This heavenly chocolate cake is our most requested and is the perfect treat for any chocoholic. The secret to making a great chocolate cake is using the best quality cocoa you can find. It really does make a difference.
YIELD: THREE 9-INCH ROUNDS, 1 HALF SHEET (13 x 18 INCHES), 24 CUPCAKES
- All-purpose flour - 2 2/3 cups (12 ounces)
- Unsweetened cocoa powder - 1 cups plus
- 2 taplespoons ( 4 ounces)
- Baking Powder - 2 teaspoons
- Baking Soda - 1 teaspoon
- Salt - 1 teaspoon
- Sour cream - 1 cup (8 ounces)
- Pure vanilla extract -1 teaspoon
- Pure almond extract -1 teaspoon
- Unsalted butter -1 cup (2 sticks; 8 ounces)
- 2 Eggs
- Strong coffee -1 cup (10 ounces)
- Preheat the oven to 350'F. Brush the bottoms and sides of the pans with melted butter and line the bottoms with parchment paper.
- In a large bowl, sift together the flour, coco powder, baking powder, baking soda, and salt. Set aside.

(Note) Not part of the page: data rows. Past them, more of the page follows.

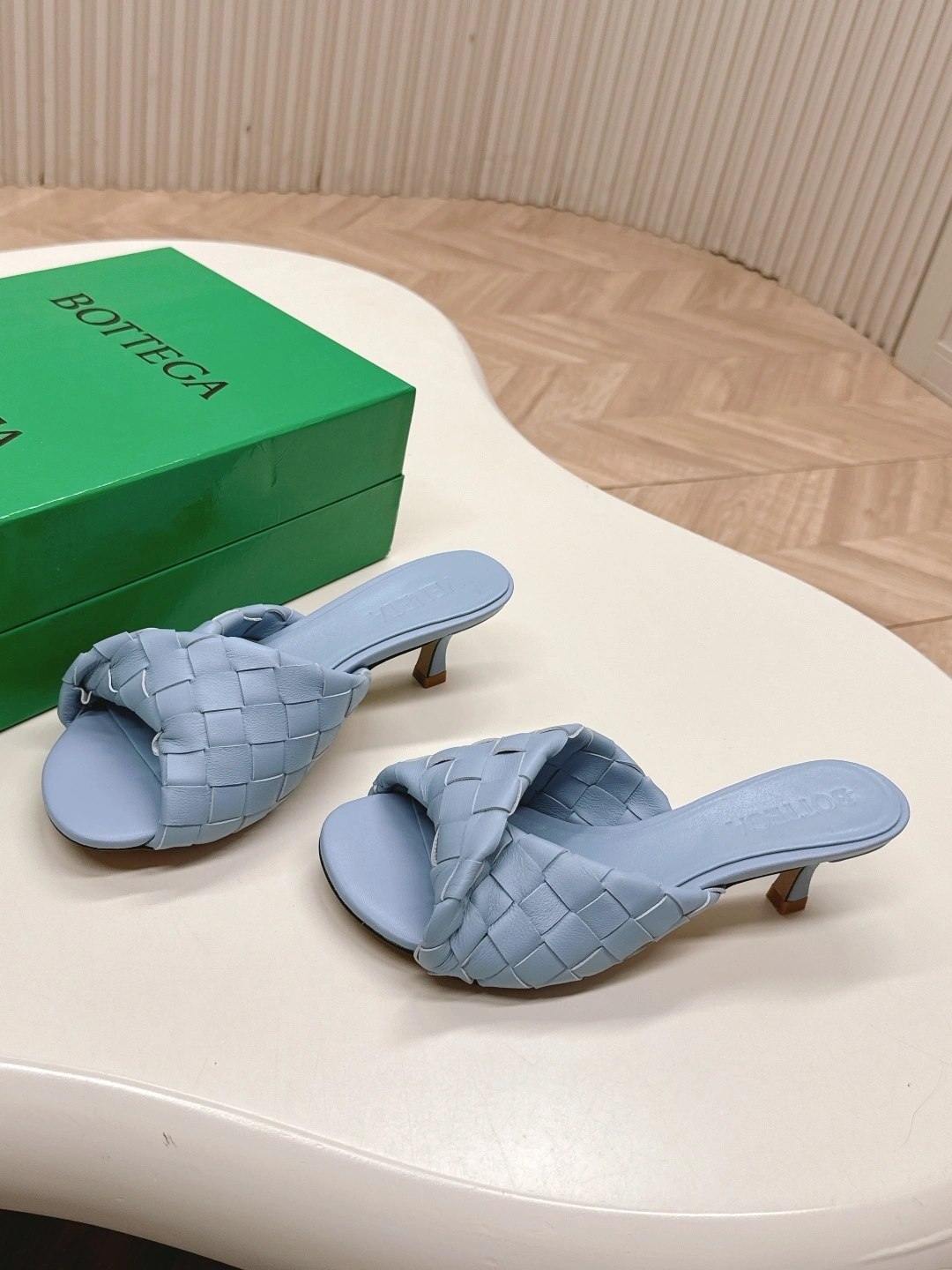 COCO-- V595t1 796464V2ED01714 sheepskin Heel height：5CM item:E-X032D4016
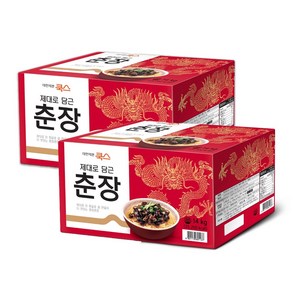 대한제분 쿡스 춘장 14kg 곰표 춘장, 2개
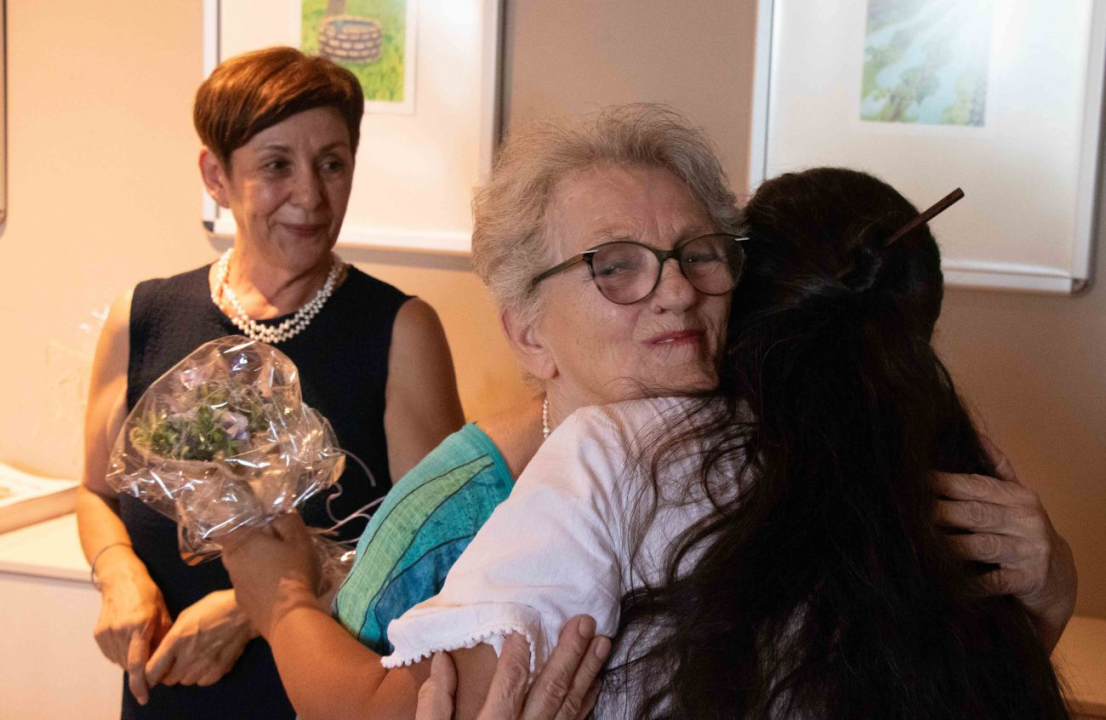  U Vodicama održana promocija zavičajne slikovnice odgajateljice Sandre Strikoman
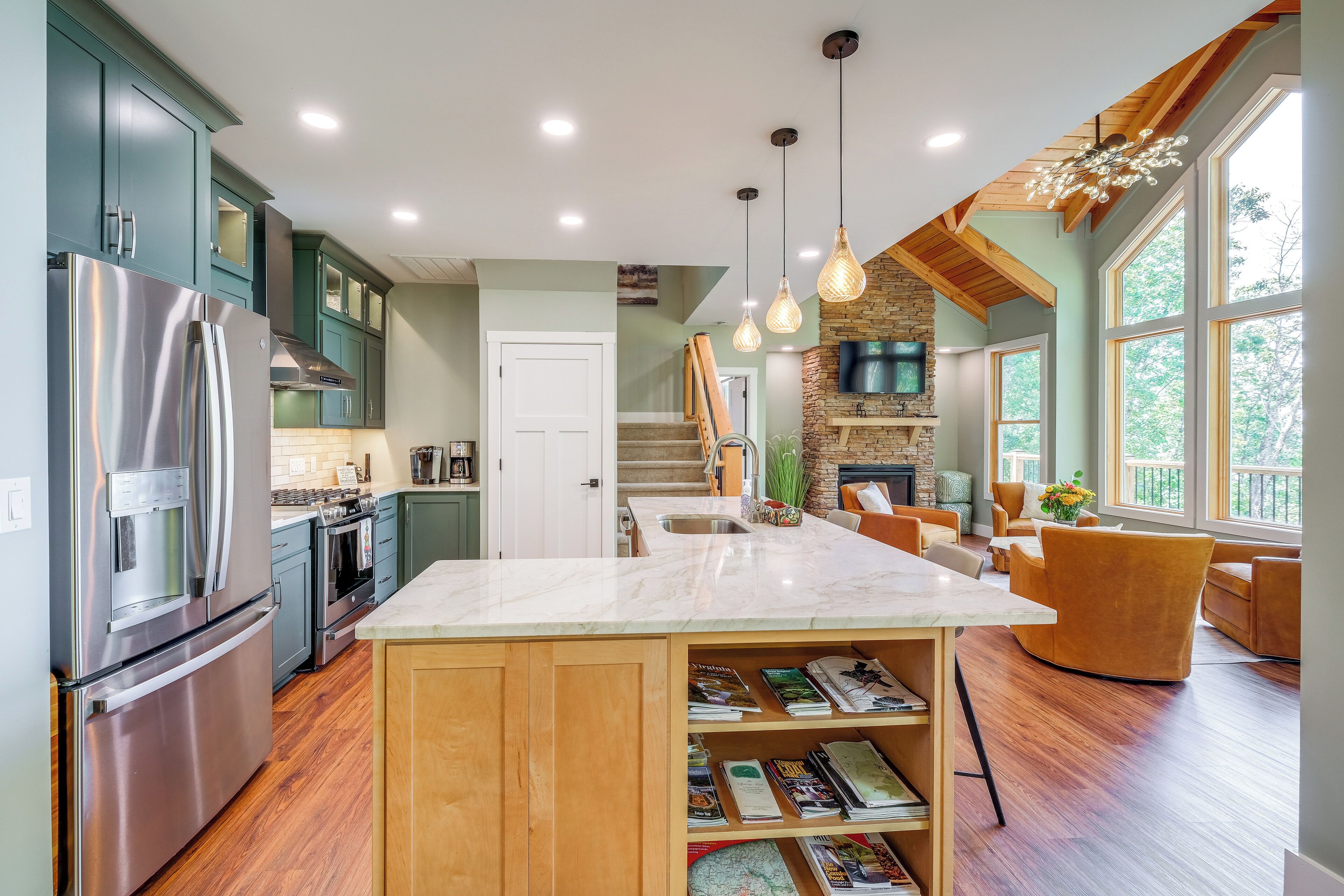 House (4 Bedrooms) | Interior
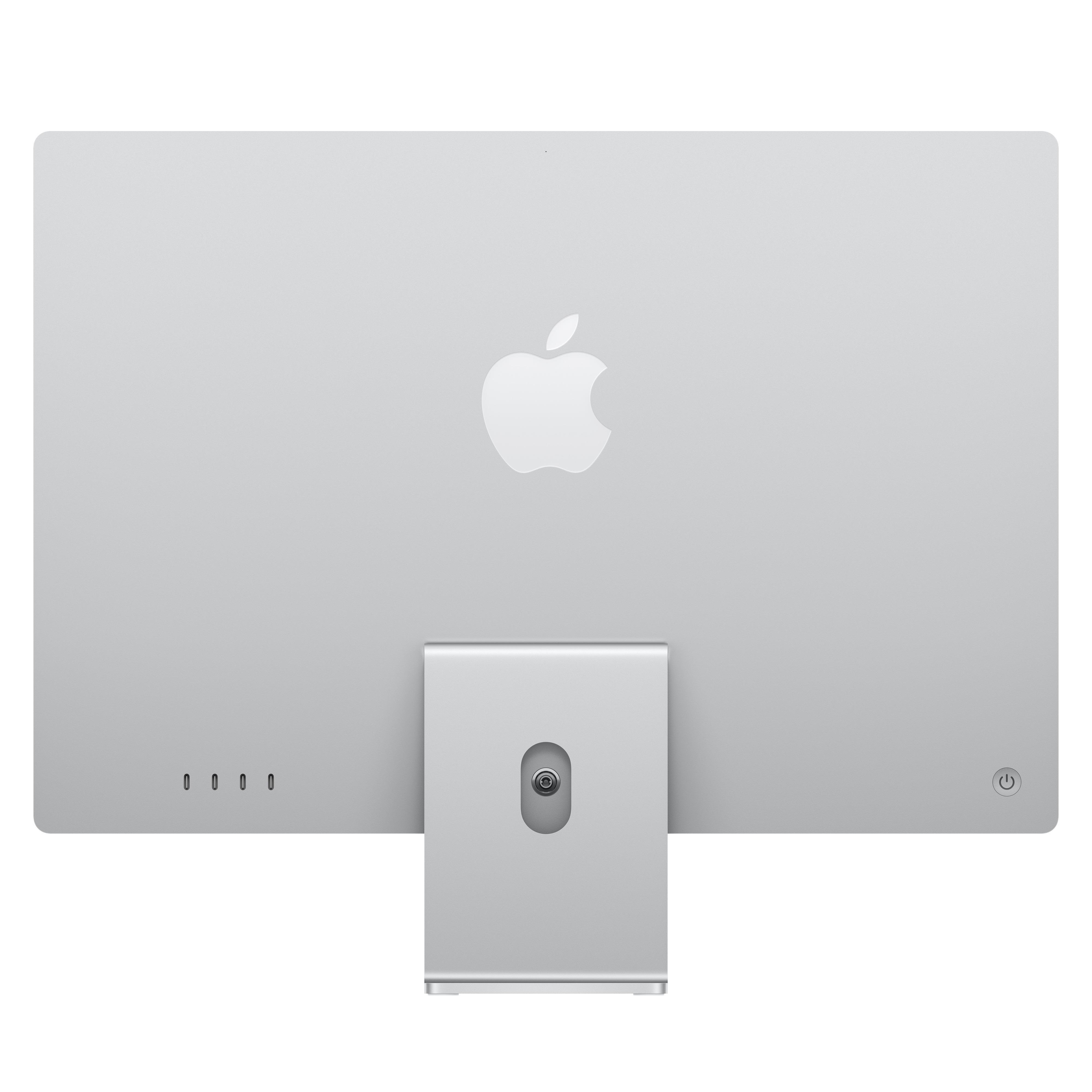 iMac 24'' Retina 4.5K Apple M4 / 10-Core CPU 10-Core GPU / 16GB / 256GB SSD / Silver MWUU3TU/A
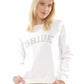 Bride Crew Neck Sweater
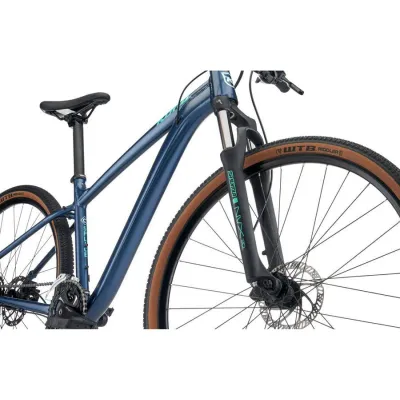 Міський велосипед Kona Splice 2022 Satin Gose Blue, L, 29" (B22SP05) - 1 - Robinzon.ua
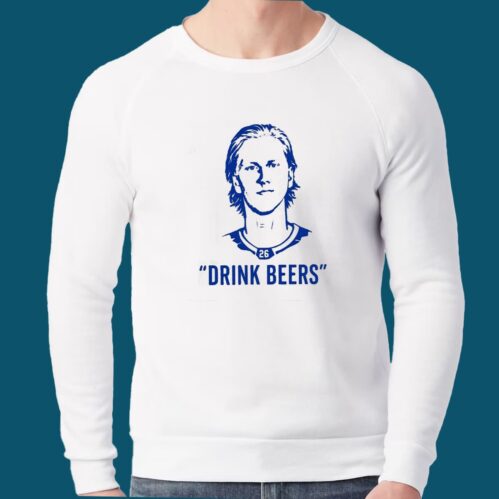 Rasmus Dahlin Drink Beer Shirt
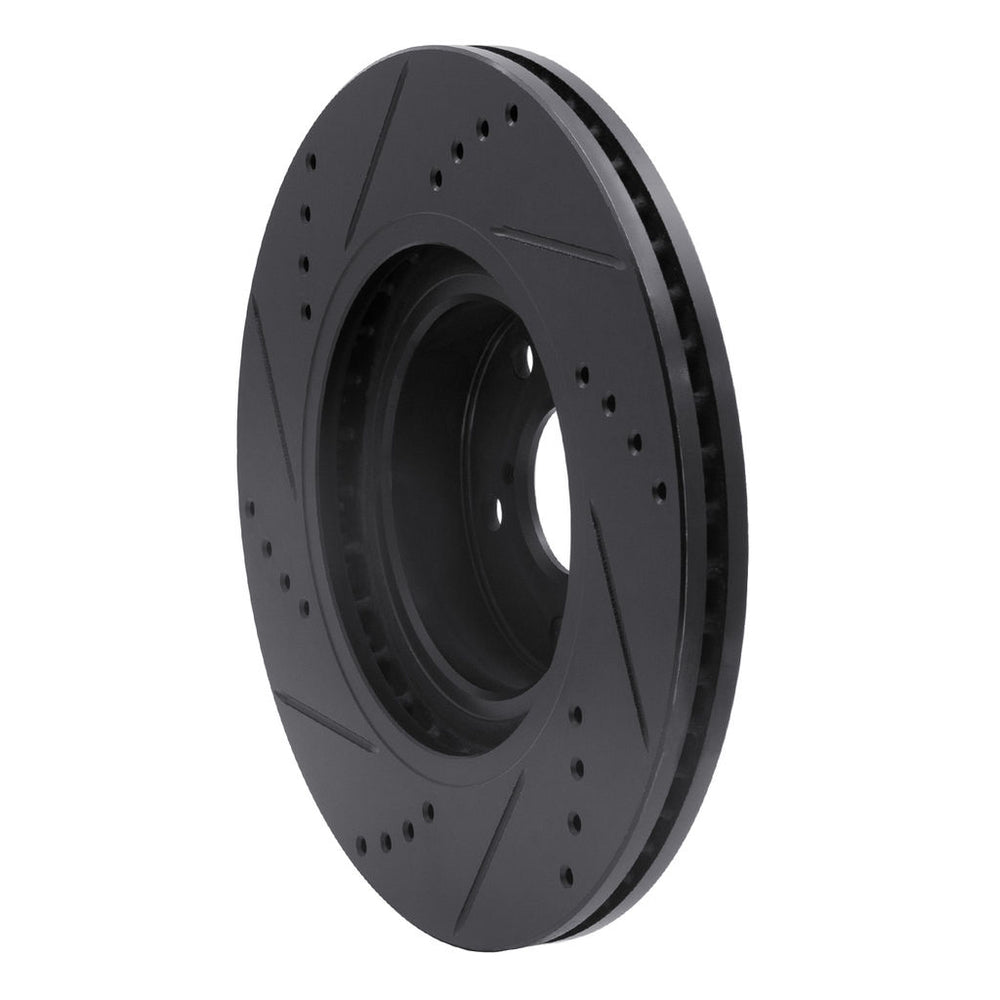 R1 Concepts black auto part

- In a separate bowl, combine the sour cream, vanilla, and almond extract. Set aside.
- In the bowl of a standing mixer fitter with a paddle attachment, combine the butter and sugar and beat on medium speed until smooth.
- Set the mixer to low speed and add the eggs, one at a time, scraping thoroughly between each addition.
- Alternately add the flour and sour cream mixtures to the butter mixture in two batches, starting and ending with the flour mixture. Scrape down the bowl after each addition.
- Gradually pour in the coffee. Scrape down the bowl and beat until thoroughly combined.
- Divide the batter evenly between the cake pans or muffin tins. For 9-inch cake pans, bake 1 hour or until a toothpick comes out clean; for half-sheet pans, bake 45 minutes or until a toothpick comes out clean; for cupcakes, bake 20 to 25 minutes, or until they spring back after being touched.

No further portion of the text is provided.